* Required work
Repeat every line from the line containing "this 700×466 image." to the end of the data, exactly. Leave the pictures out.

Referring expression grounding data
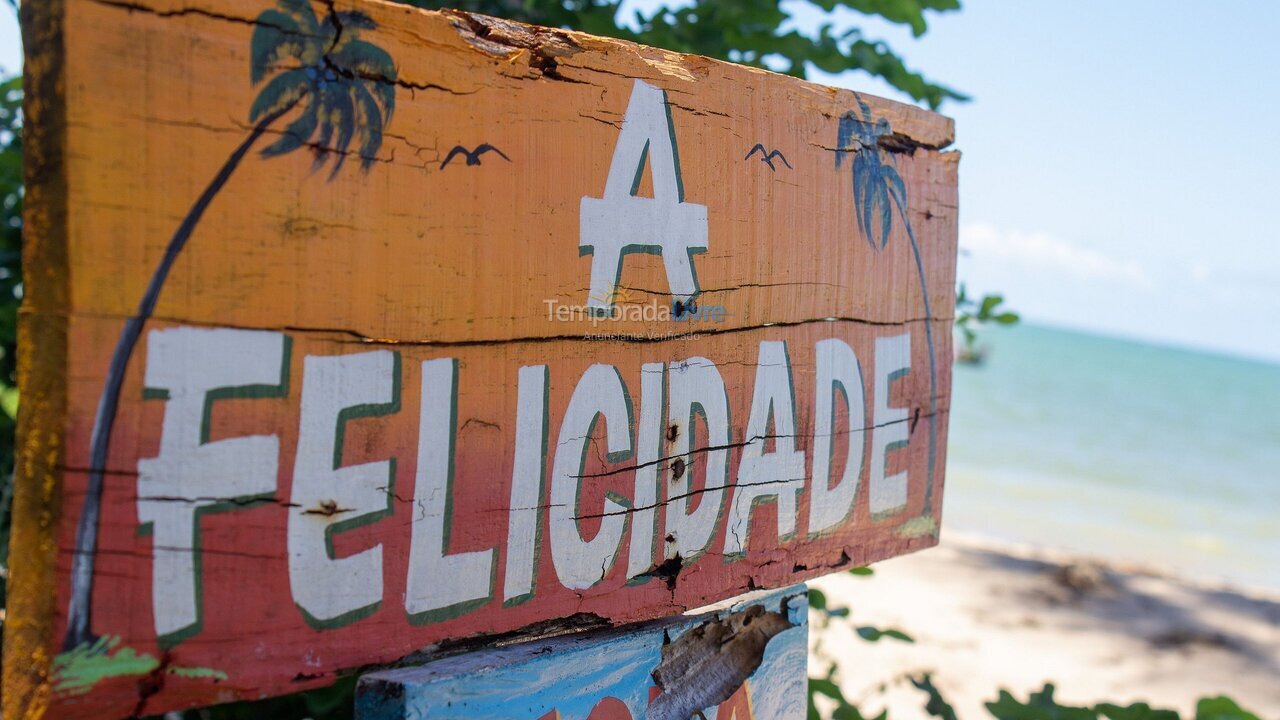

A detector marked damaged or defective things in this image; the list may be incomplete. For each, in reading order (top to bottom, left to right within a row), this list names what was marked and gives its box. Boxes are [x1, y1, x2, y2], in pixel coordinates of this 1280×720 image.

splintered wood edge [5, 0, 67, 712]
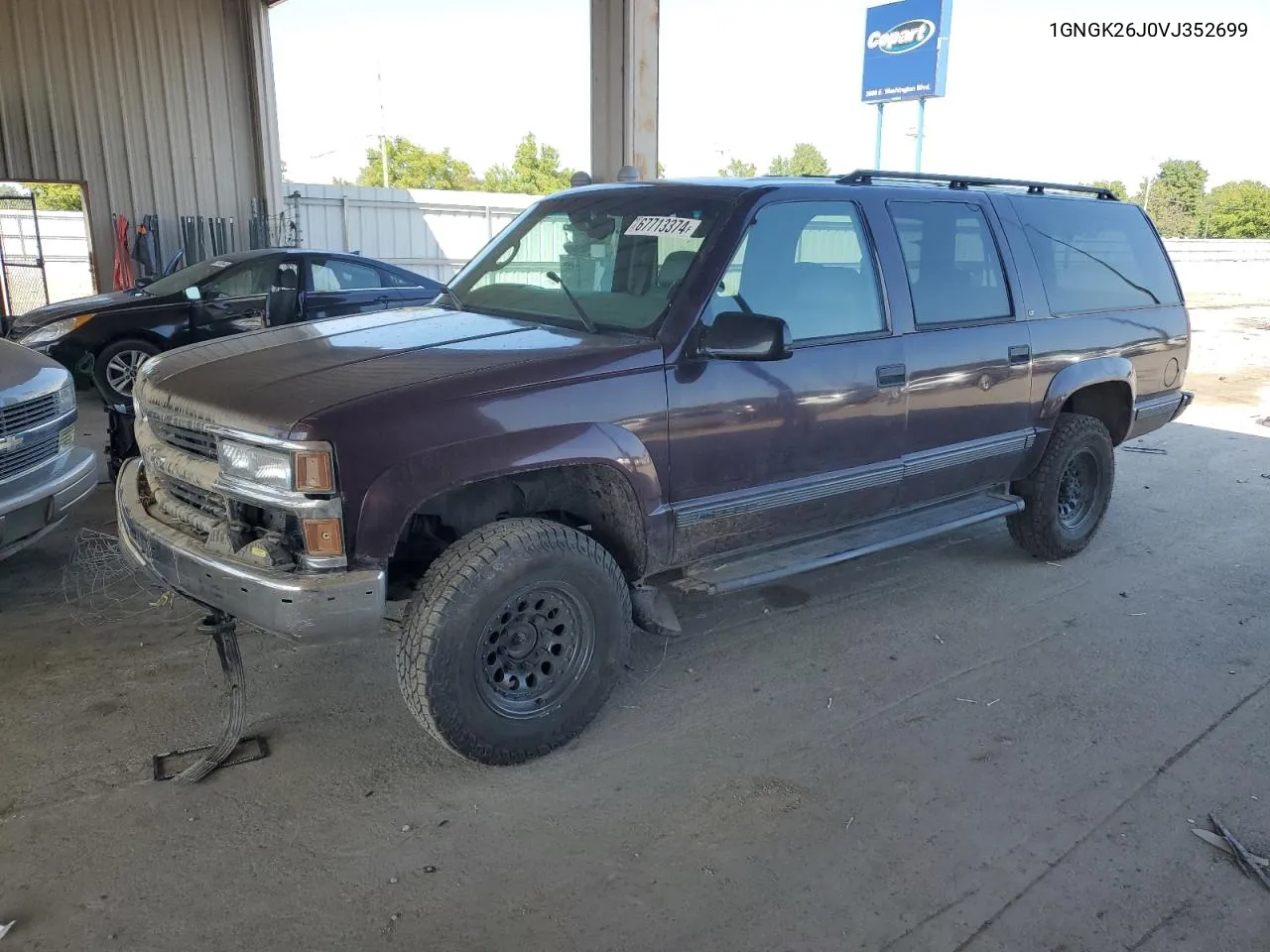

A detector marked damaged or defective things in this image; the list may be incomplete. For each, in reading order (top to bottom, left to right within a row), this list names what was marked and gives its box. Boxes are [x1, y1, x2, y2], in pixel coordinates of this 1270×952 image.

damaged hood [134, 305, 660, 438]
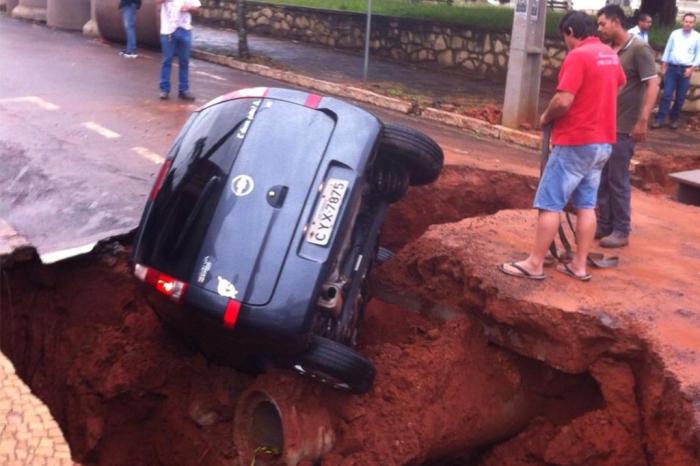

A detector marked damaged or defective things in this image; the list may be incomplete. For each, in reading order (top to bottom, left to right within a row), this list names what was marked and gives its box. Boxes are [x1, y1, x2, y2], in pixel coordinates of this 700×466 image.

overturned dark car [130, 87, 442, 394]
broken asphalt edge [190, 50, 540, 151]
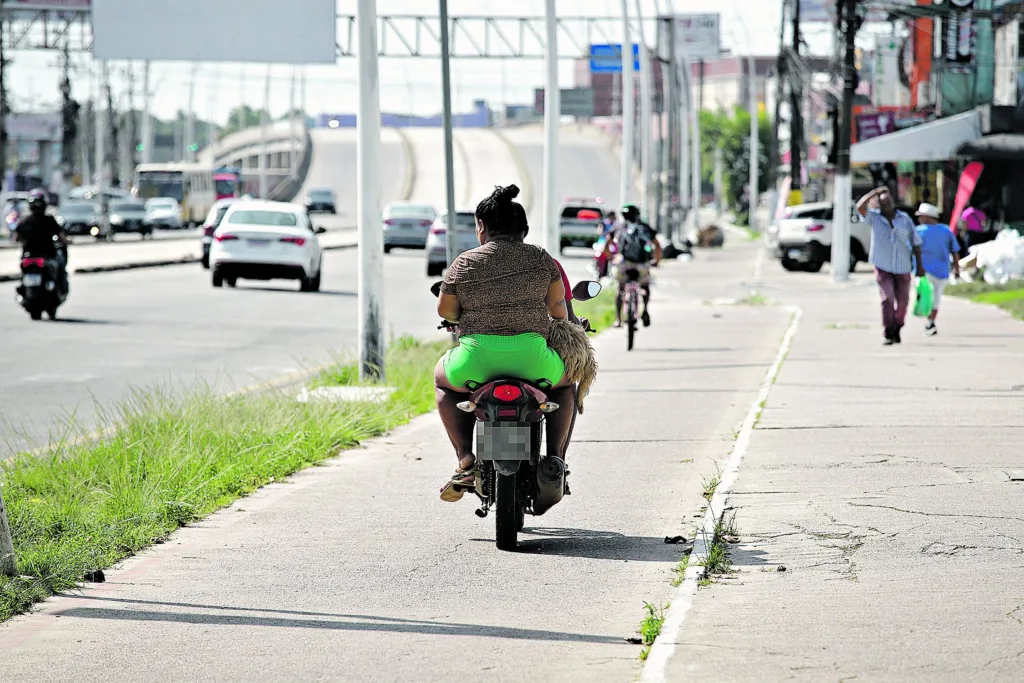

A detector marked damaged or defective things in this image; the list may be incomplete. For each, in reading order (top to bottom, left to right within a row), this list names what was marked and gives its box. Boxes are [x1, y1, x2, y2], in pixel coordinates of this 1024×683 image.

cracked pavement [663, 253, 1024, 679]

* Exercise result
A detector marked damaged or defective things in this image; the list may be incomplete. For each, in reading order (top to bottom, left to right within a row), this list names what was marked and gives its box. Boxes are [x1, y1, x2, y2], in pixel coordinates of this 700×466 image.

overturned dark car [130, 87, 442, 394]
broken asphalt edge [190, 50, 540, 151]

A detector marked damaged or defective things in this image; the list may be incomplete. For each, in reading order (top to bottom, left to right within a row), this list names what was marked and gives its box. Boxes are [x1, y1, x2, y2], in pixel coordinates of this 1024×683 image.

cracked pavement [663, 253, 1024, 679]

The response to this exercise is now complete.